▶ Problem requirements: The answer must consist solely of the lines from the line with "12974Q9 Montana License Plate" to the end of the data below, transcribed exactly and with no pictures.

▶ Given information:
◇ ◇ ◇ ◇ ◇ ◇ ◇
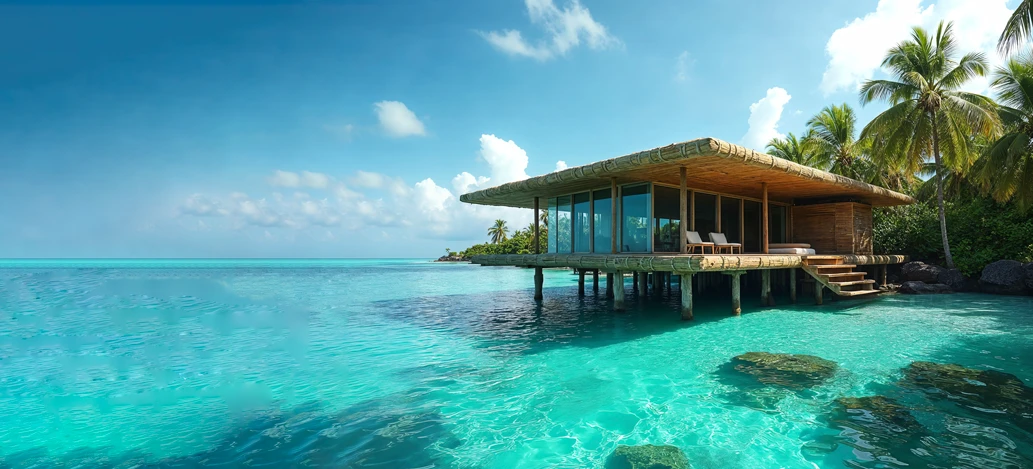 Beachfront cabin over turquoise water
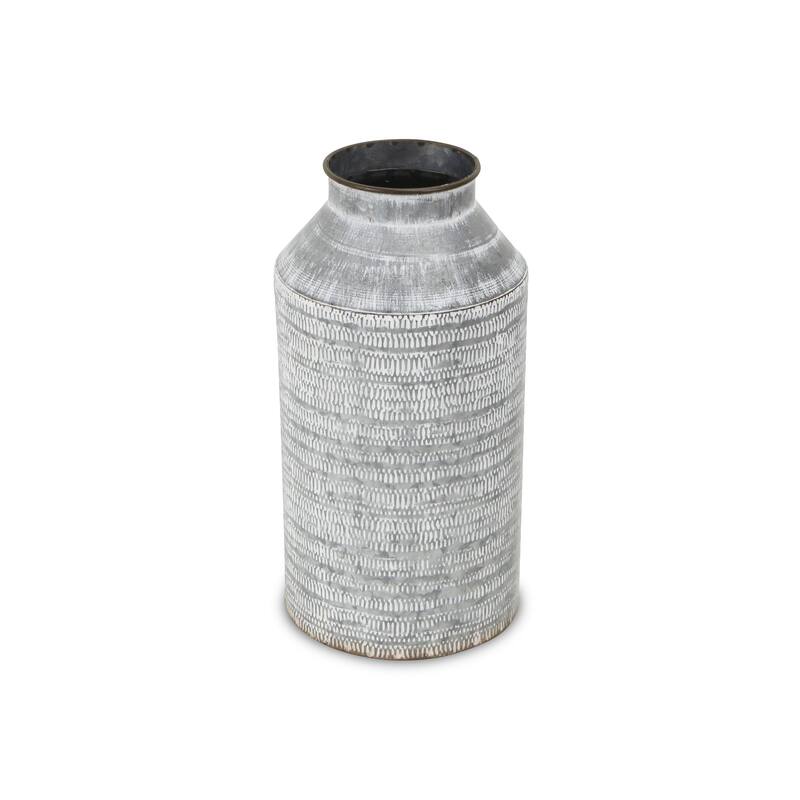 13" Gray Galvanized Metal Geometric Patterned Jug Vase - 6.50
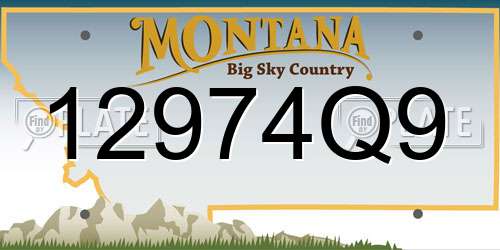 12974Q9 Montana License Plate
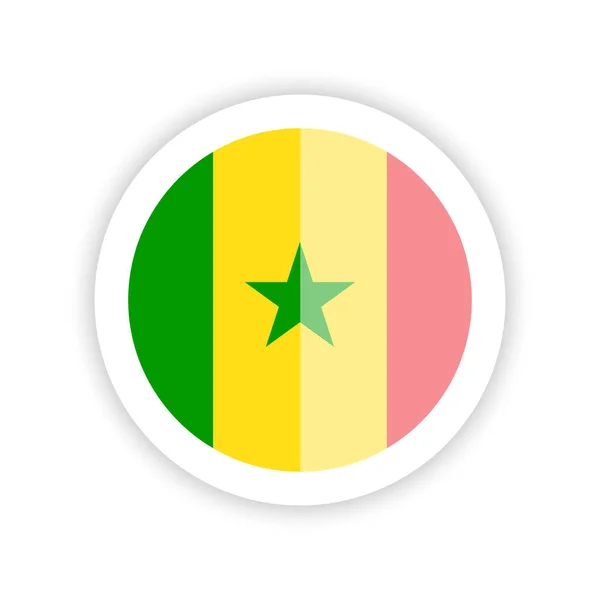 Bandera Senegal Icono Redondo — Vector de stock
◇ ◇ ◇ ◇ ◇ ◇ ◇
▶ Solution to the problem:
 12974Q9 Montana License Plate
 Bandera Senegal Icono Redondo — Vector de stock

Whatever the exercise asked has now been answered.